Однако, как ни странно, именно Диккенс — наряду с другими авторами — заставил меня еще в подростковом возрасте не столько решить, сколько осознать, что я стану писателем.

НЕОДНОЗНАЧНОСТЬ ИСТОРИЙ

Был еще один поворот судьбы. Когда мне стукнуло одиннадцать, моя семья сняла дом у вышедшего на пенсию дантиста. Среди оставленных последним книг я случайно нашел сочинение Генри Мэйхью «Низы лондонского общества» в четырех томах. Оно заинтересовало меня потому, что являло другой подход к изображению мира, описанного Диккенсом. (Позже я понял, под сколь сильным влиянием романиста находился Мэйхью, когда записывал свои интервью.) Я был заворожен рассказами о тяжелой и горькой жизни бродяг и бездомных, которые ненадолго появлялись на страницах со своими невероятными историями о страданиях и несправедливостях (зачастую изложенными языком поразительно красочным и точным) и исчезали, даже не назвав своего имени. Они казались мне фрагментами ненаписанных романов, еще не принявших законченную форму в воображении романиста. Я продолжал читать Мэйхью одновременно с Диккенсом и постепенно пришел к мысли заставить этих почти бессловесных свидетелей заговорить, поведать свои ненаписанные истории, являющие столь разительный контраст почти всей викторианской литературе.

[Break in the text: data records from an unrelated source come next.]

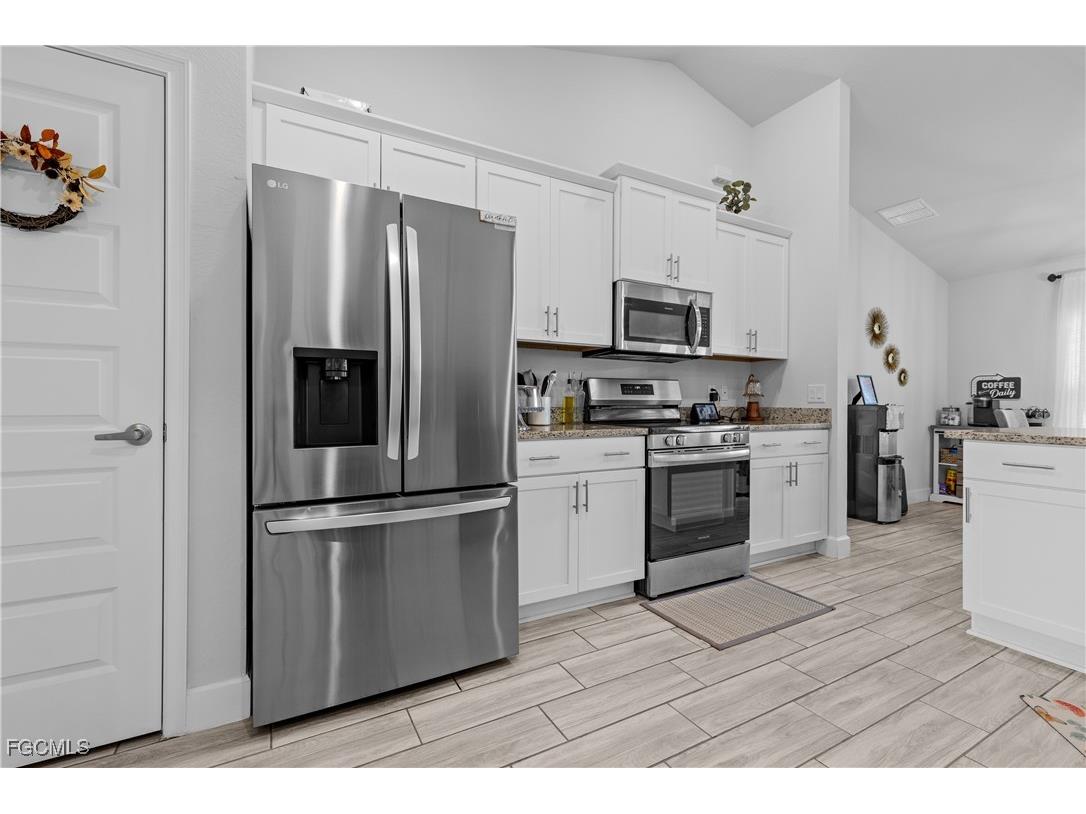 2021 NE 36th Terrace Cape Coral FL 33909 2025024127 image10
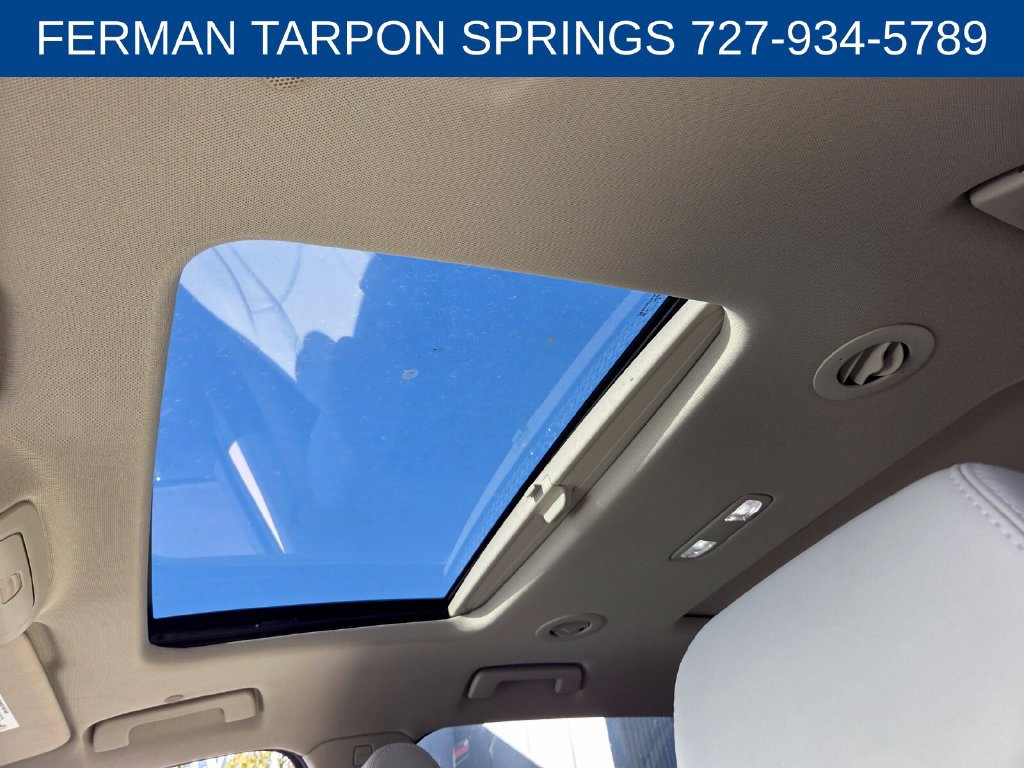 Used 2020 Buick Enclave Premium w/ Sun and Sites Package FWD image 20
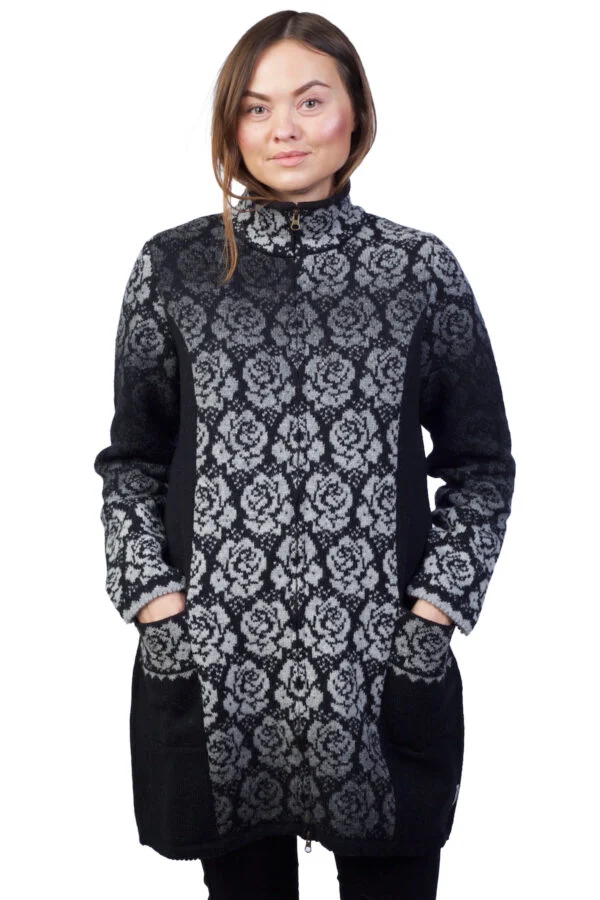 Long wool cardigan with roses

Меня занимали не только устные рассказы о реальных событиях. Меня заинтересовало то, как семьи рассказывают небылицы о своем прошлом, скрывая и романтизируя свое происхождение, подобно народам, сочиняющим легенды, из которых слагается «история». Молодые люди становятся полноправными членами общества, когда посвящаются в семейную мифологию. И это действительно скорее мифология, нежели история, ибо семейные «устные предания», как и официальная история народа, всегда характеризуются умолчаниями, искажениями фактов и попытками заткнуть рот отдельным членам или группам сообщества. Выдуманные истории призваны утешать, успокаивать и объяснять — и все мы измышляем подобные истории о своей жизни, как делает Джон в романе. Мне пришло в голову, что для того, чтобы ребенок получил верное представление о мире через такие рассказы, он должен приобрести чрезвычайно непростое умение отличать истории, подлинные в буквальном смысле слова, от историй, «подлинных» лишь в метафорическом смысле.